◆ **Your instructions**
Only the lines below between the one holding "After plotting all" and the one holding "Click Export and", inclusive, are to be reproduced word for word; the pictures are to be left out.
══════
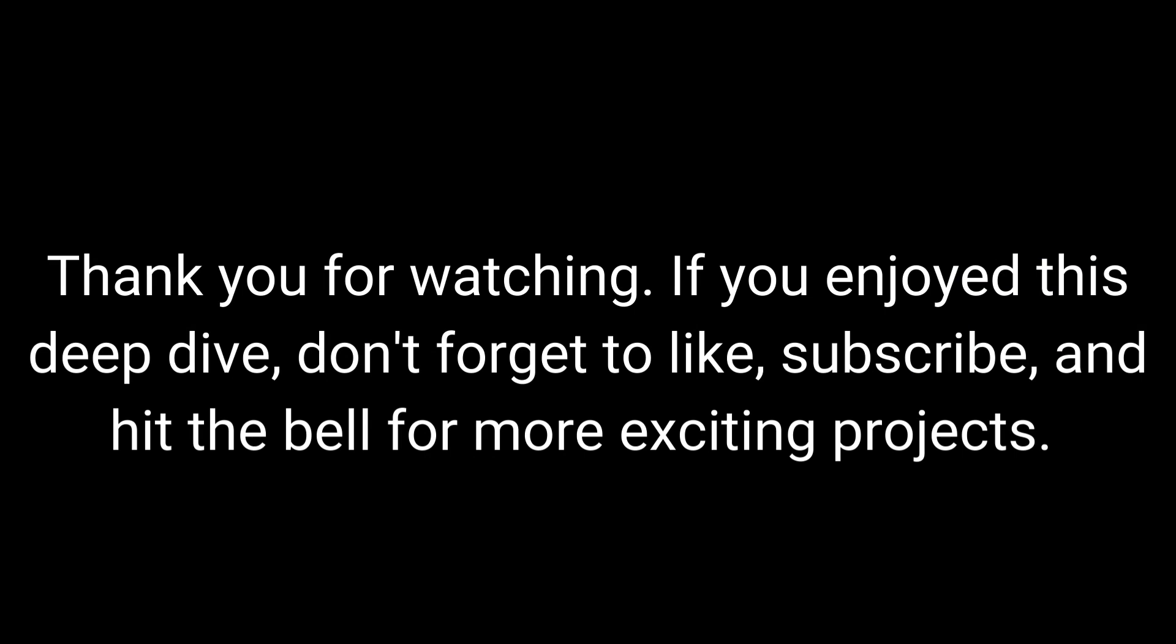Thank you for watching. If you enjoyed this deep dive, don't forget to like, subscribe, and hit the bell for more exciting projects.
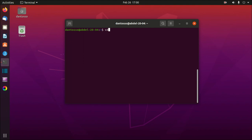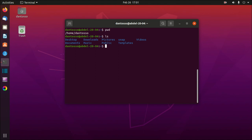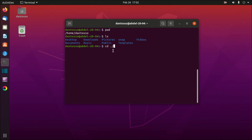'cd' stands for Change Directory. We are in '/home/dantoso', so I can run 'ls' to see what folders I have. To go to my Desktop, I can either enter the absolute path — '/home/dantoso/Desktop' — or use a relative path starting with './' which means 'start from whatever directory I'm currently in', so './Desktop'.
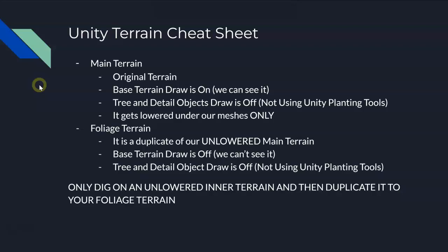Eventually in the next lesson, we're going to talk about how we lower that under our meshes, and under our meshes only. That's our main terrain, the one that we can see. We just created a foliage terrain which is a duplicate of our un-lowered main terrain. It's very key - it's a copy of our un-lowered main terrain, which we're going to lower next. Base terrain draw is off so we can't see it, because now that we can't see it, it's not going to z-fight with our meshes. We also have tree and detail object draw off because we're not going to be using the native Unity planting tools to draw on it.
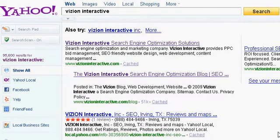Hi, this is Bill Hartzer from Vision Interactive. I'd like to talk today about finding deep links to your website.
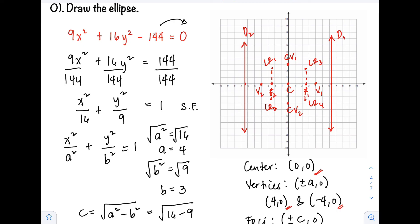After plotting all the points, we can now sketch our ellipse — starting from the vertex, going through the latus rectum endpoints, and to the co-vertex. That is our drawing of the ellipse. So this is the end of our video. I hope you learned something. If you have questions or clarifications, kindly put them in the comment section below. Thank you for watching — this is Prof. D, I'll catch you on the flip side. Bye!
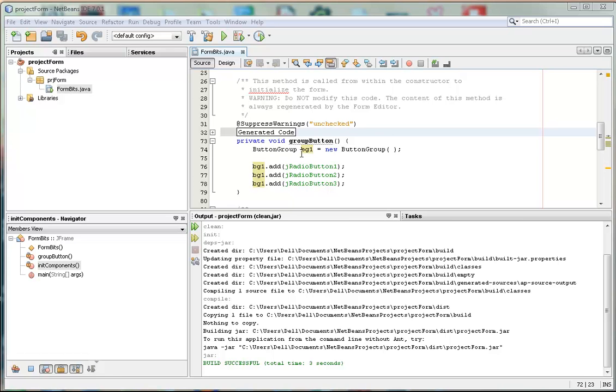And it creates a ButtonGroup bg1, ButtonGroup 1, instantiating it. Then that group has added to it the first radio button, then the second, then the third.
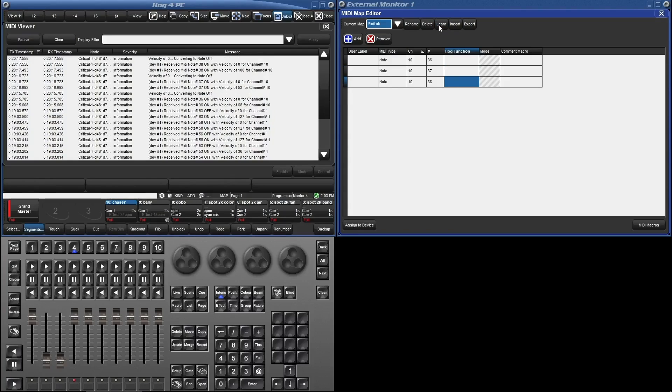I'm going to use the buttons we just learned to play back our scenes. And because we don't have these scenes on playbacks, we'll use command macros. The furthest right column is where we will make this magic happen.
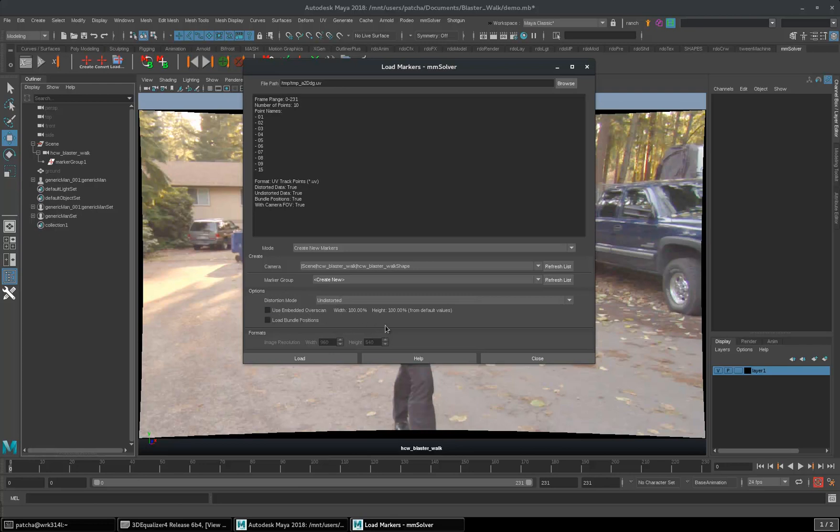By default, it shows 100% by 100%, which means that it doesn't calculate the overscan. As soon as you check this on, it gives you the new overscan.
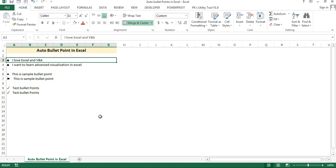Hello friends, welcome back. My name is Priyendra Kumar. In this video you will learn how to add auto bullet points in Microsoft Excel.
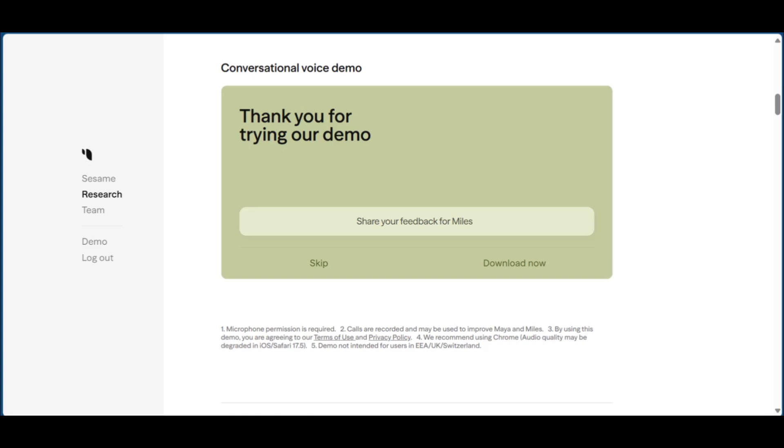So this is pretty much what you can do with Sesame AI: have a conversation, download the conversation and keep it to play it for a later time in case you want to verify some facts. This is how you get to use Sesame AI voice assistant.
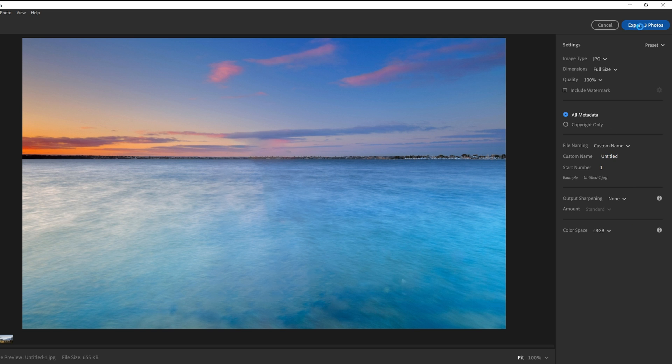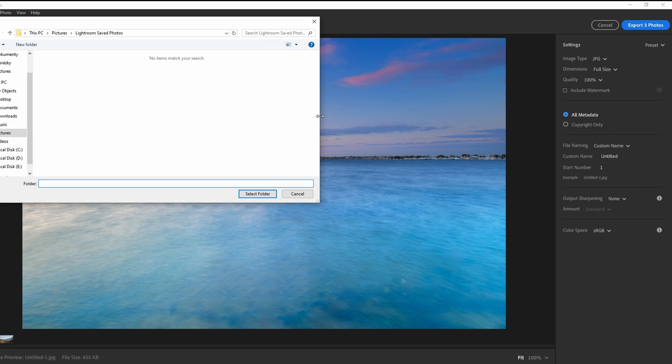Click Export and wait for the process to complete. Your photos are now exported to the selected folder. If this tutorial was helpful, please consider subscribing and liking the video.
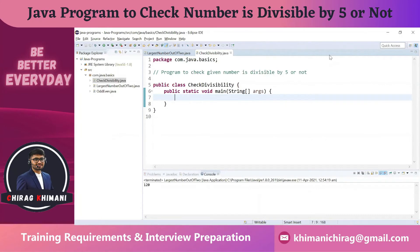Welcome back to the Java programming series. Today we will understand how to write a program to check if a given number is divisible by 5 or not. We don't have to solve the program as a whole — we will try to solve it by breaking it down into smaller pieces. Let's assume I don't know how to solve this program, but based on the problem definition, I'll work through it step by step.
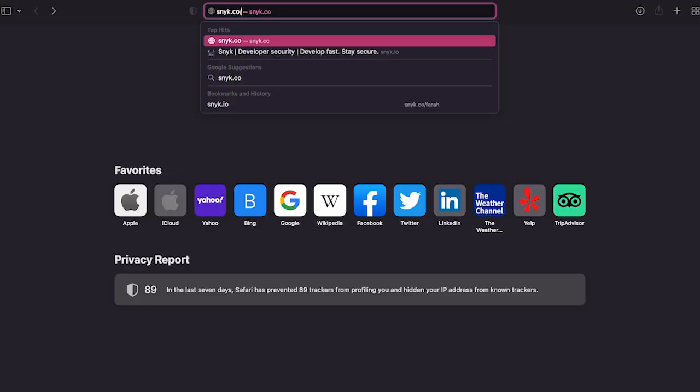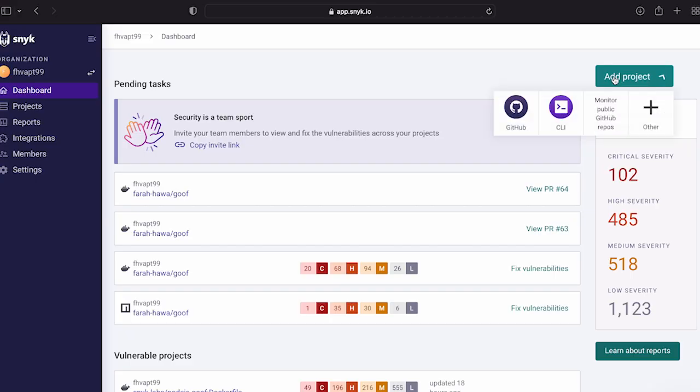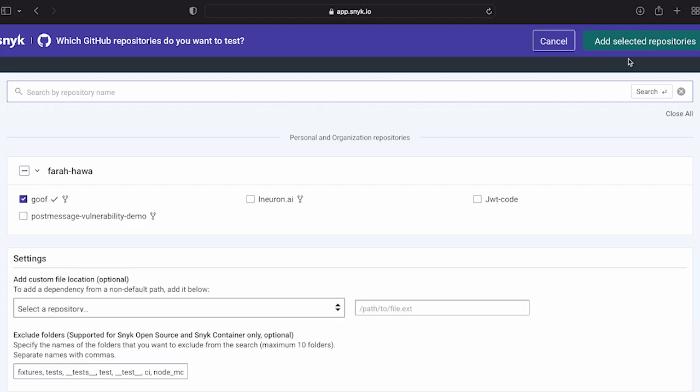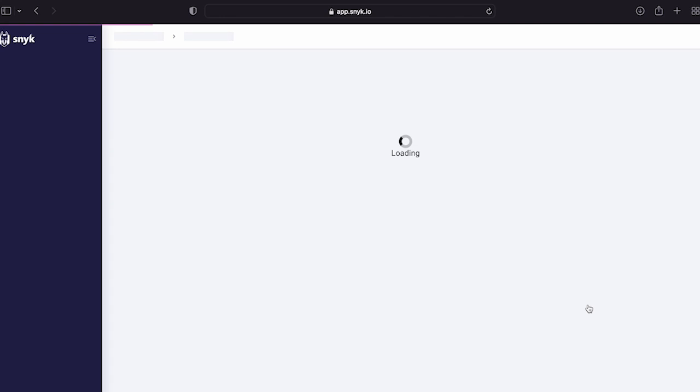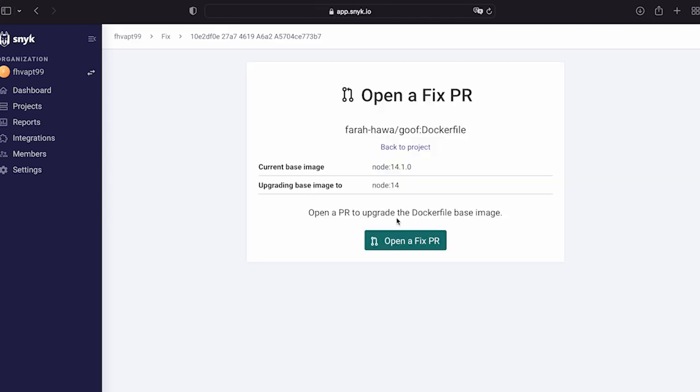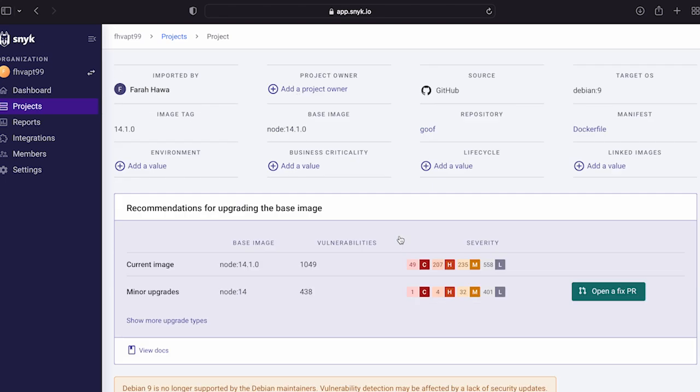That's where Snyk comes in. It automatically scans your code, dependencies, containers, and configurations, scanning and fixing vulnerabilities in real time. Here's how easy it is: sign up for free with my link snyk.co, import your repositories, and Snyk finds your vulnerabilities so you can fix them with just a click. Snyk opens fixed PRs so you can merge and move on, working from all your existing tools — IDEs, CLIs, repos, pipelines, Docker Hub, and more.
══════
◆ **Answer space**
After plotting all the points, we can now sketch our ellipse — starting from the vertex, going through the latus rectum endpoints, and to the co-vertex. That is our drawing of the ellipse. So this is the end of our video. I hope you learned something. If you have questions or clarifications, kindly put them in the comment section below. Thank you for watching — this is Prof. D, I'll catch you on the flip side. Bye!
And it creates a ButtonGroup bg1, ButtonGroup 1, instantiating it. Then that group has added to it the first radio button, then the second, then the third.
I'm going to use the buttons we just learned to play back our scenes. And because we don't have these scenes on playbacks, we'll use command macros. The furthest right column is where we will make this magic happen.
By default, it shows 100% by 100%, which means that it doesn't calculate the overscan. As soon as you check this on, it gives you the new overscan.
Hello friends, welcome back. My name is Priyendra Kumar. In this video you will learn how to add auto bullet points in Microsoft Excel.
So this is pretty much what you can do with Sesame AI: have a conversation, download the conversation and keep it to play it for a later time in case you want to verify some facts. This is how you get to use Sesame AI voice assistant.
Click Export and wait for the process to complete. Your photos are now exported to the selected folder. If this tutorial was helpful, please consider subscribing and liking the video.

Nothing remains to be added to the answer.